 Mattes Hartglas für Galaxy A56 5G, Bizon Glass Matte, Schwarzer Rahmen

════

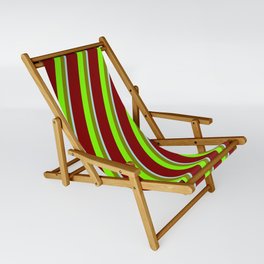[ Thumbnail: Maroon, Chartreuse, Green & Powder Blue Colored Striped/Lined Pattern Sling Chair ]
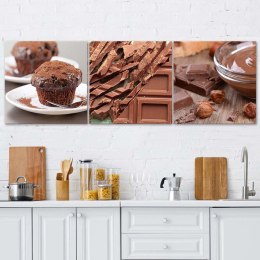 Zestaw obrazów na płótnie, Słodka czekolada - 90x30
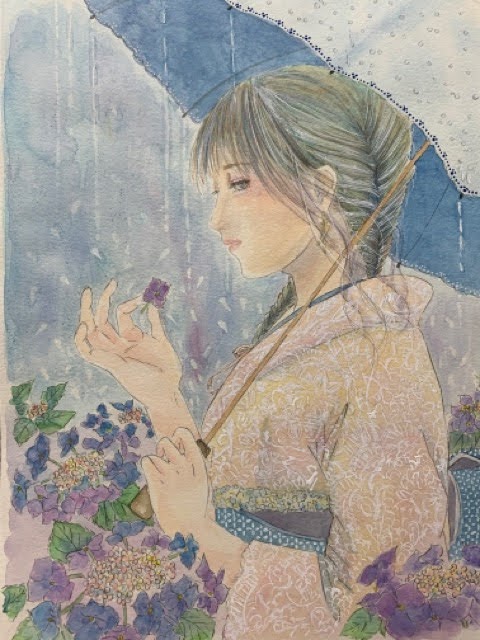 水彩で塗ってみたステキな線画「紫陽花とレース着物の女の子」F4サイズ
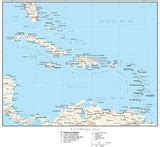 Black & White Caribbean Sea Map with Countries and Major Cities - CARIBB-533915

════

*Prompt*
Using the listing above, reproduce word for word every line from the one containing "水彩で塗ってみたステキな線画「紫陽花とレース着物の女の子」F4サイズ" through the one containing "Black & White". Pictures must be left out.

*Worked solution*
 水彩で塗ってみたステキな線画「紫陽花とレース着物の女の子」F4サイズ
 Black & White Caribbean Sea Map with Countries and Major Cities - CARIBB-533915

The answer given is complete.